DA APROVAÇÃO PONTIFÍCIA EM 1304  ATÉ 1500


 De 1304 a 1500.  Em 11 de fevereiro de 1304, o papa Bento XI, dominicano, com a bula “Dum Levamus”, aprovou a Regra e as Constituições dos Servos de Maria. Nessa data, a Ordem contava com cerca de 250 frades, distribuídos em 27 conventos na Itália e quatro na Alemanha. Em 2004 ocorreu o sétimo centenário (1304-2004) da aprovação pontifícia da Ordem. O evento foi lembrado com uma importante carta dirigida a toda a Família Servita pelo prior geral, frei Ángel M. Ruiz Garnica. O século XIV, na vida da Ordem, foi marcado pela presença de figuras exemplares de frades, cujas biografias nos foram transmitidas por importantes documentos históricos. Lembramos os bem-aventurados Joaquim de Sena (1306), Boaventura de Pistóia (1306), Tiago de Città della Pieve, que morreu mártir em 1310 em defesa da justiça. No mesmo ano morreu o último dos Sete Fundadores, Aleixo Falconieri. Lembramos ainda os bem-aventurados André de San Sepolcro, Ubaldo de San Sepolcro, Boaventura de Forlì (1315), Francisco Patrizi (1328), e Tomás de Orvieto (1343). Morreram também no século XIV  Santa Juliana Falconieri (1341) e São Peregrino Laziosi (1345).  Entre os frades deste século é mister recordar frei Pedro de Todi que foi prior geral de 1314 a 1344, bem como a personalidade controversa de frei André de Faenza, prior geral por 22 anos e insigne arquiteto, ao qual se deve a Basílica de Santa Maria dos Servos de Bolonha.

      O século XV começa para a Ordem dos Servos de Maria com o capitulo geral de Ferrara (1404), que decretou a retomada moral e espiritual de Monte Senário. À retomada de Monte Senário está ligada a fundação, ocorrida em 1430, da assim-chamada “Congregação da Observância” que, sem separar-se juridicamente da Ordem, representou para ela um movimento reformador. O mesmo ocorreu também no interior de outras Ordens religiosas, criando, na maioria dos casos, divisões internas.
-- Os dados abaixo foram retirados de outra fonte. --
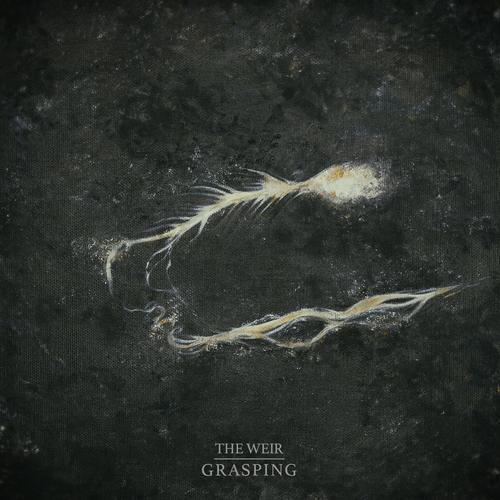 The Weir - Grasping (2024)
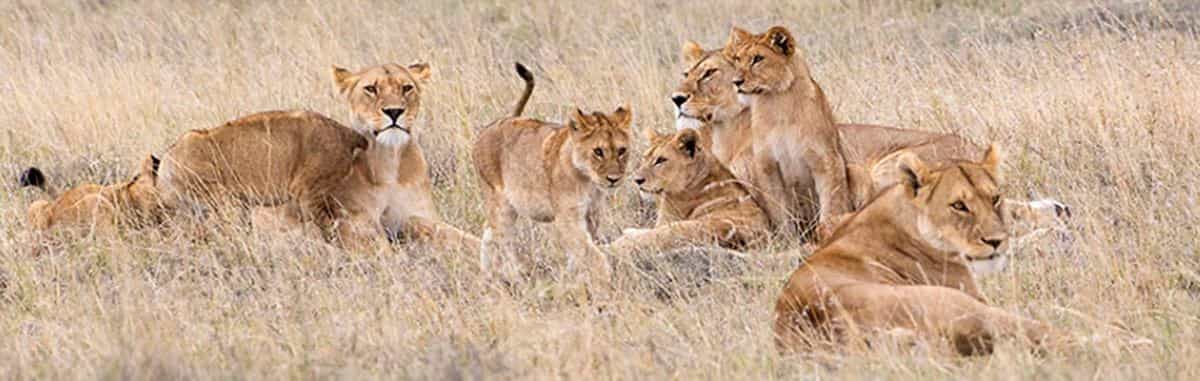 Serengeti Highlights | 3-Days Budget Safari.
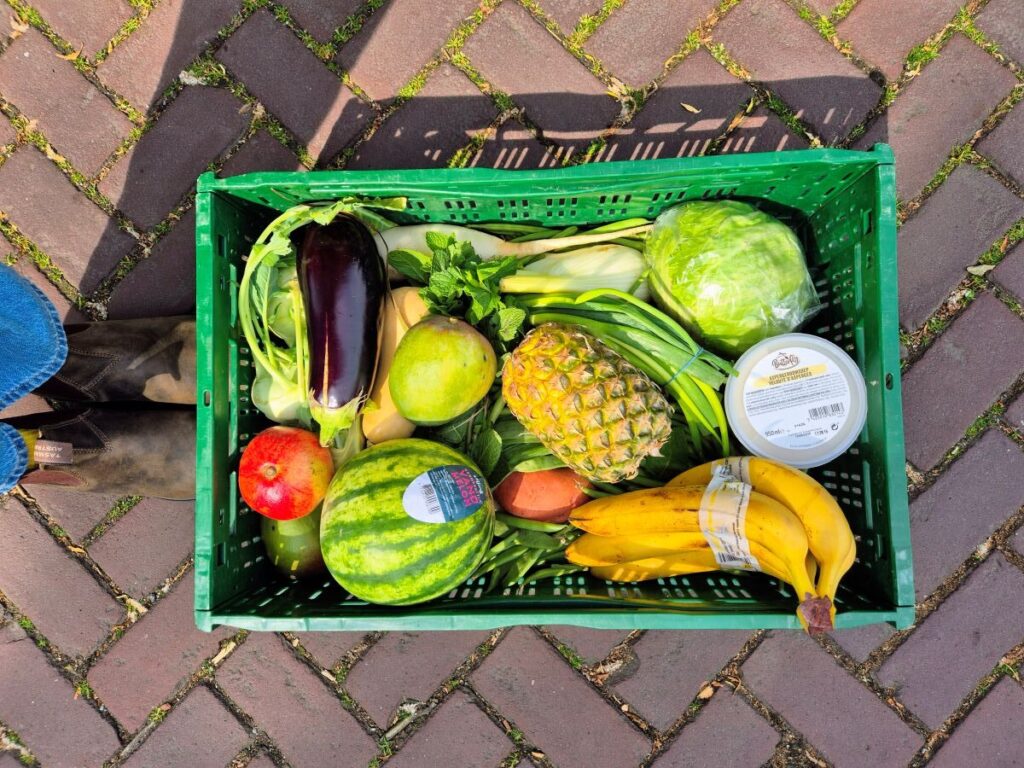 Veggiebox ervaring.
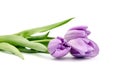 Purple tulip flowers isolated on white background Royalty Free Stock Photo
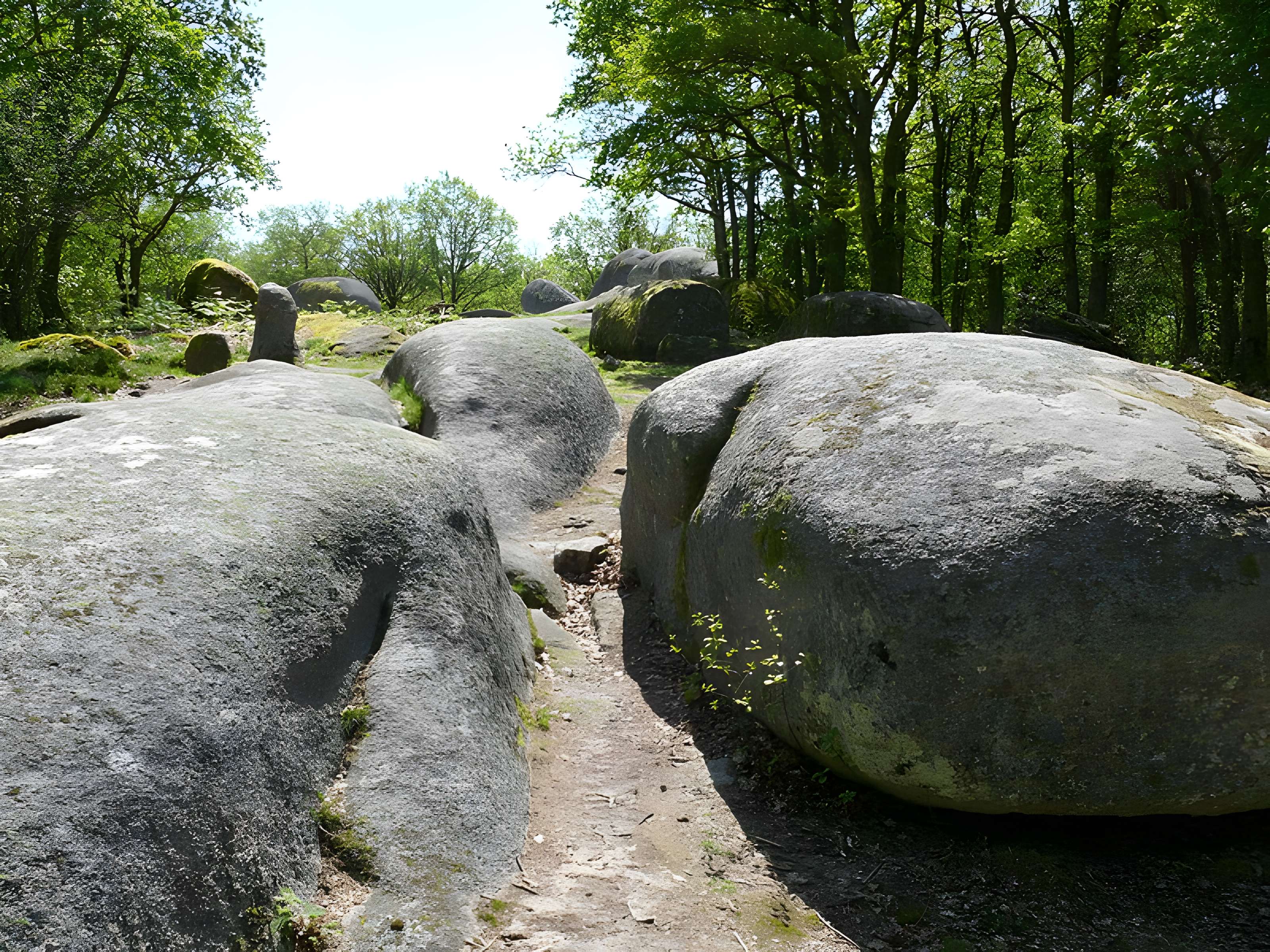 Pierres Jaumâtres de Toulx-Sainte-Croix
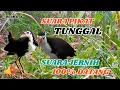 Download Lagu SUARA PIKAT RUAK RUAK TUNGGAL 100% AMPUH SUARA JERNIH  MP3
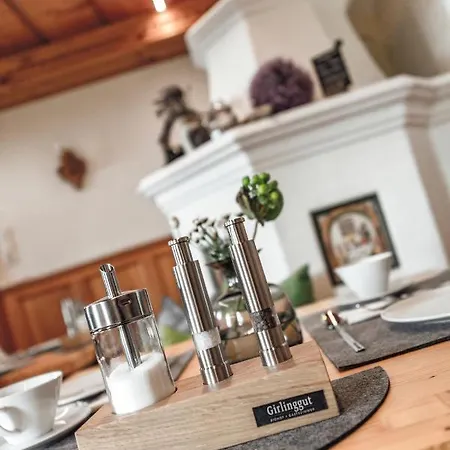 Girlinggut Schlafen Starten Salzburg ホームステイ エリックスハウゼン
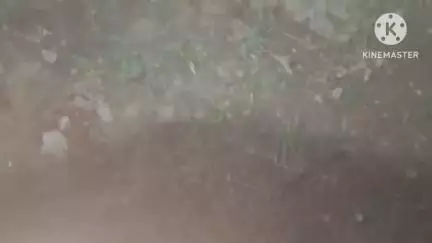 मेजा: मेजा वन दरोगा के बिगड़े बोल, भाजपा मंडल अध्यक्ष उरुवा को नेतागिरी घुसेड़ने की दी धमकी, ऑडियो हुआ वायरल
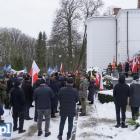 zdjęcie nr 24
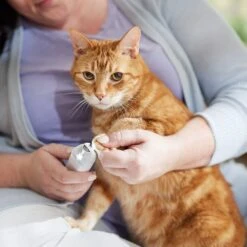 Rechargeable Cordless Cat & Dog 3-Speed Nail Grinder, White -Frisco Shop 729774 PT5. AC SS1800 V1683147135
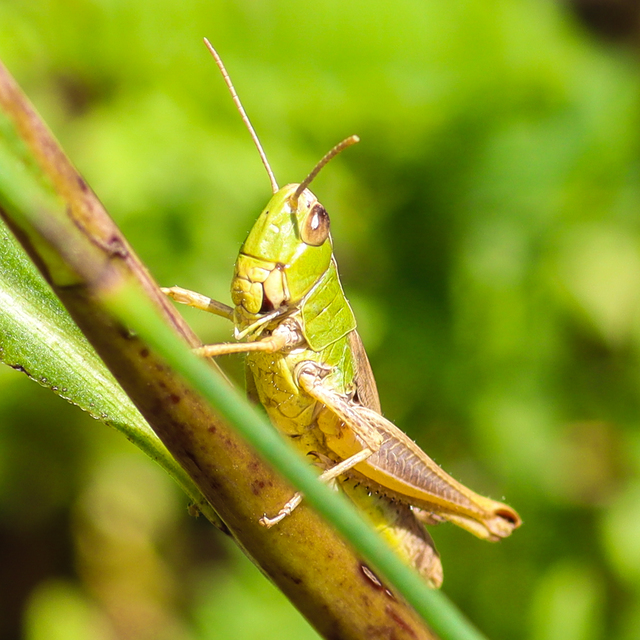 Pseudochorthippus parallelus - közönséges rétisáska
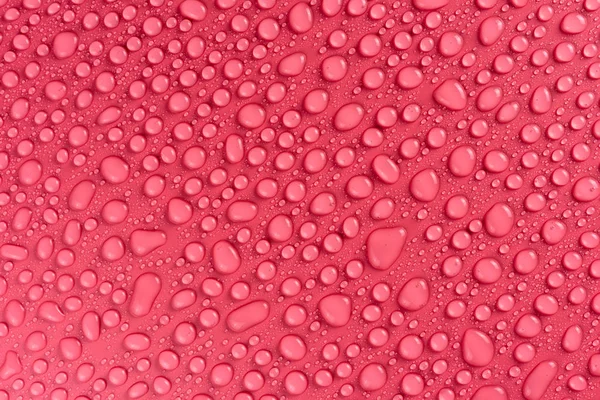 Σταγόνες Νερού Ένα Ροζ Ματ Φόντο Που Φωτίζεται Ένα Ευαίσθητο — Φωτογραφία Αρχείου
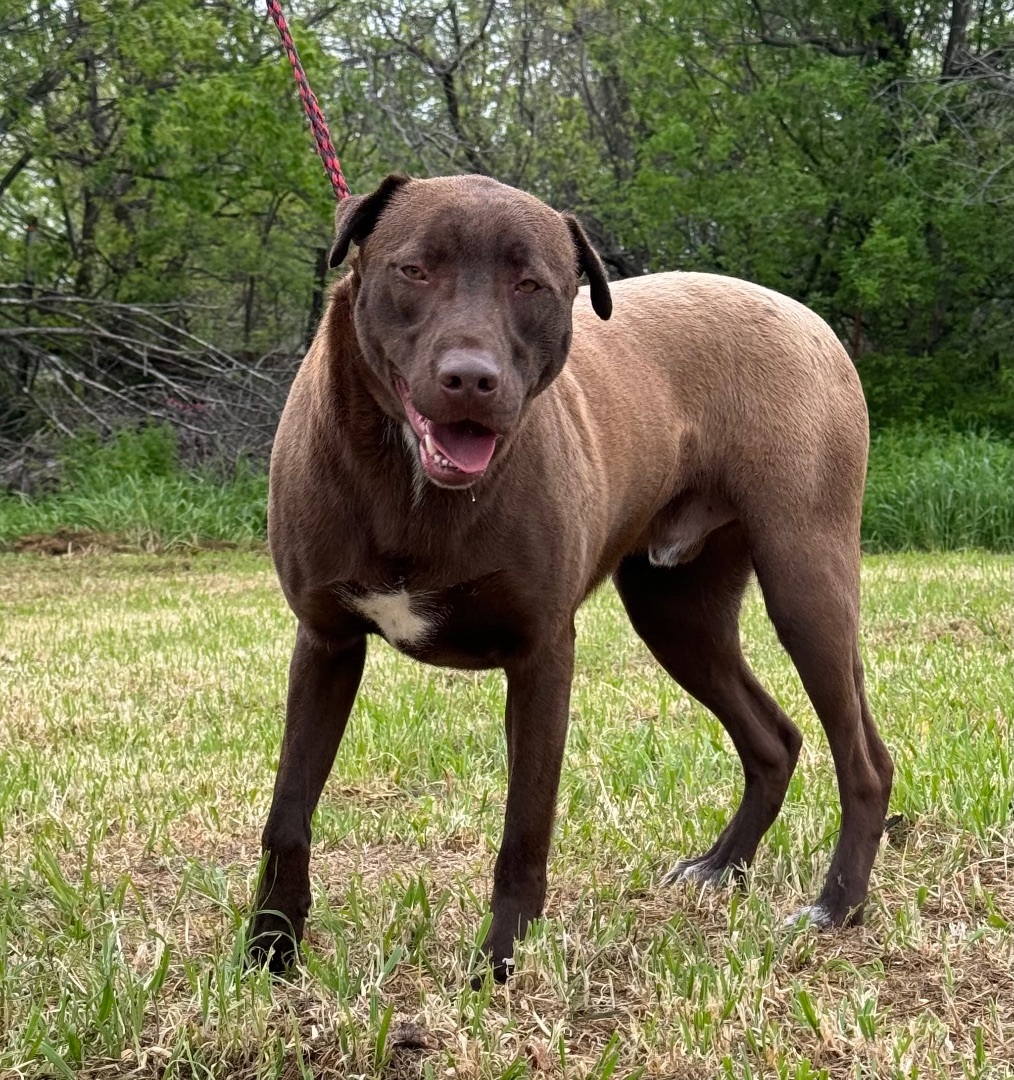 Enlarge Delta, a Adoptable mixed breed in Henrietta, TX image 3/5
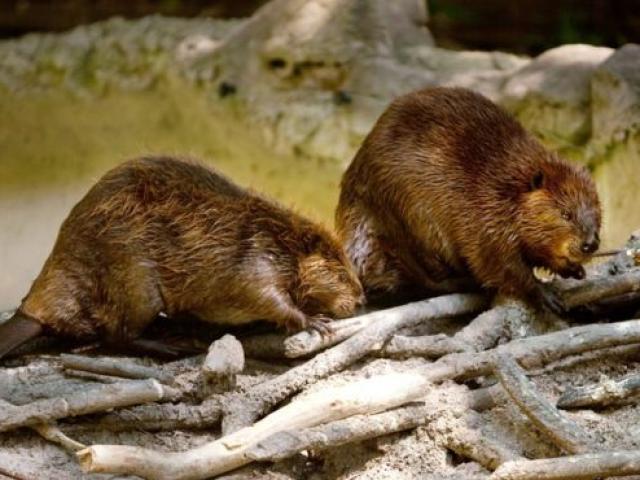 Thế giới - Bị hải ly "tấn công", Argentina sẽ tiêu diệt 10 vạn con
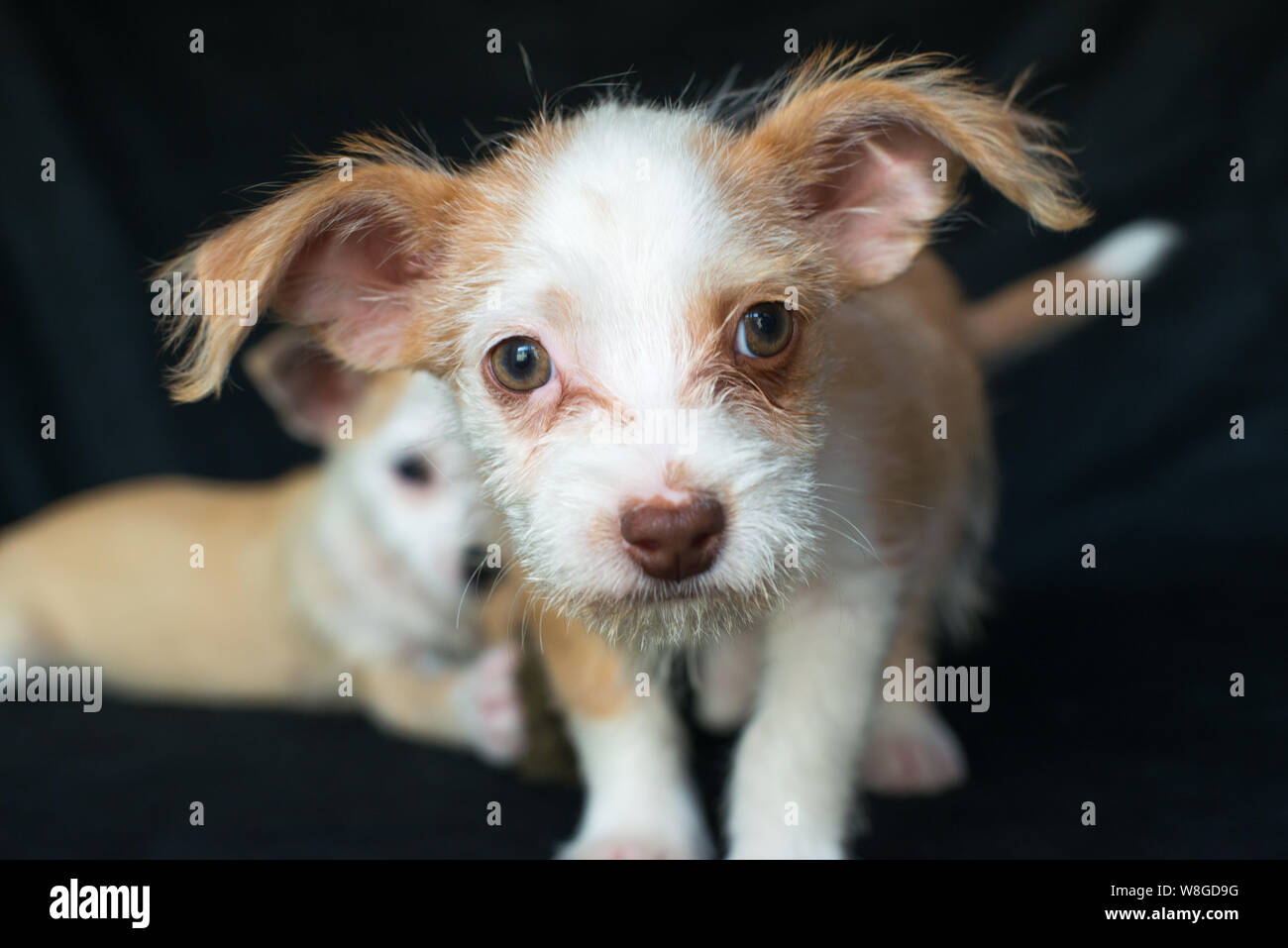 Rescue pup Farley and brother Neo in the background from Starpaws rescue foundation pose for photoshoot to be adopted Stock Photo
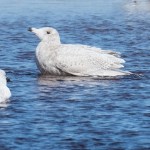 Glaucous Gull Lossie estuary 1 May 2015 Mike Crutch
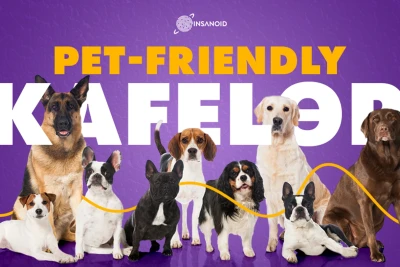 Bakıda pet-friendly kafelər: “dördayaqlı dostlar”ımızla hara gedək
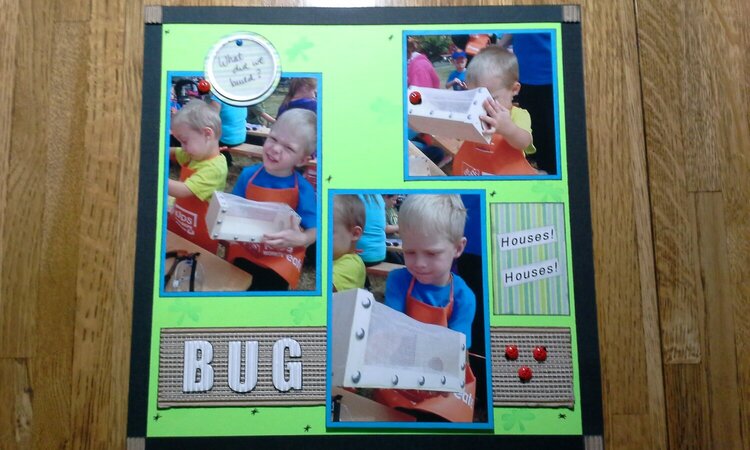 What did we build?  Bug Houses!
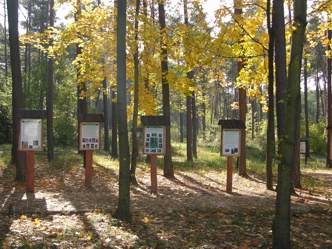 Ścieżka edukacyjna w Nadleśnictwie Spała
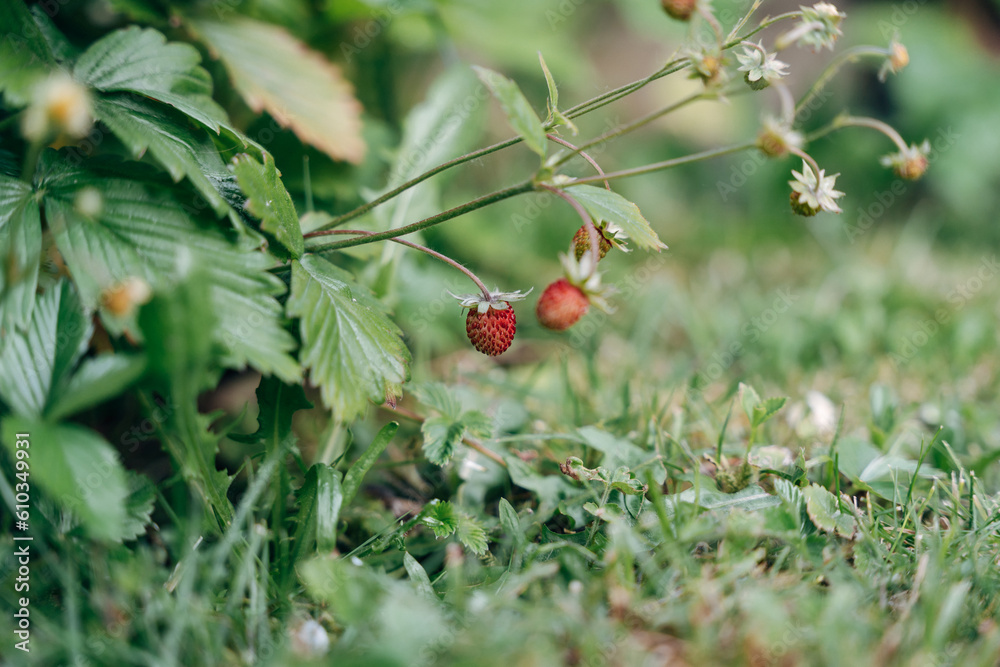 wild strawberries in the garden wild strawberries in the garden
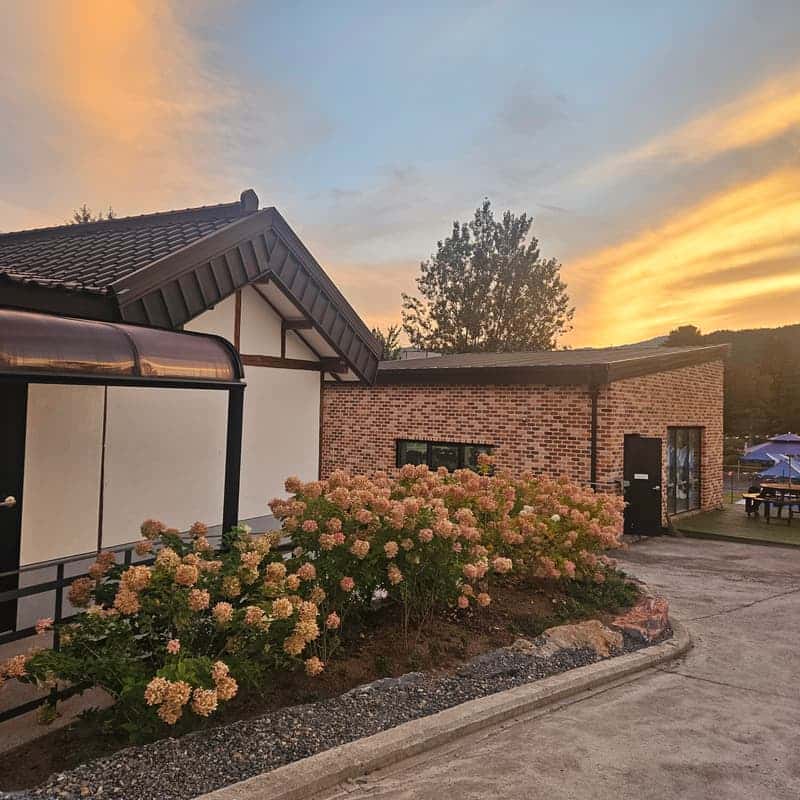 [영월/숙박] 책과 차, 느린 산책으로 쉬어가는 산골 스테이 '삼돌이로 살아보기' 🍵📗 사진 8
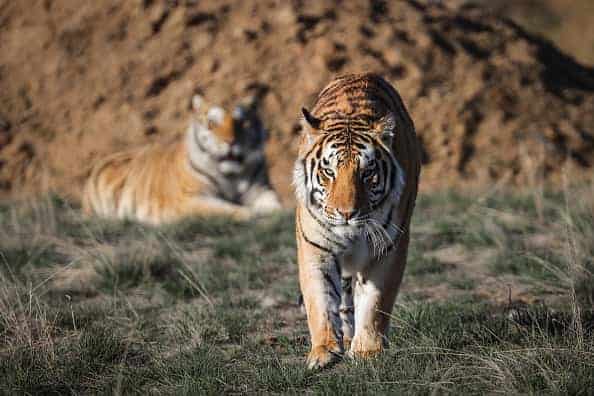 A pair of the 39 tigers rescued in 2017 from Joe Exotic's G.W. Exotic Animal Park relax at the Wild Animal Sanctuary on April 5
Não foi assim para os Servos de Maria. A experiência da Congregação da Observância terminou na Ordem em 1570. De qualquer forma, é bom ter em conta que, em 1493, os conventos chamados da Observância eram 26 e, pouco antes de 1570, em torno de sessenta.

        Em 1424, com a bula “Apostolicae Sedis Providentia”, Martinho V aprovou os estatutos da Ordem Terceira, hoje chamada “Ordem Secular dos Servos de Maria”.

        No século XV assumem particular importância na Ordem como centros de estudos os conventos da Santíssima Anunciada de Florença e de Santa Maria dos Servos de Bolonha.

         Figuras importantes da Ordem neste século foram o prior geral, Antonio Alabanti ,que, em 27 de maio de 1487, obteve de Inocêncio VIII o assim chamado Mare Magnum, isto é, a bula “Apostolicae Sedis Intuitus”, que confirmava todos os privilégios pontifícios concedidos até então à Ordem. O analista da Ordem, Arcângelo Giani, afirma que era intenção de Antônio Alabanti que também os Servos de Maria participassem da evangelização do Novo Mundo, recém “descoberto” por Cristóvão Colombo.

       Três figuras de santos frades do século XV devem ser destacados: os bem-aventurados Benincasa de Montepulciano (1426), Jerônimo de Sant’Angelo in Vado (1468), a bem aventurada Elisabete Picenardi (1468), e os bem-aventurados Tiago Filipe Bertoni (1483) e Boaventura de Forli (1491).

        No final do século XV foi fundado um convento em Las Cuevas (Aragão), na Espanha. Os conventos da Ordem eram então cerca de 170, e os frades, 1200.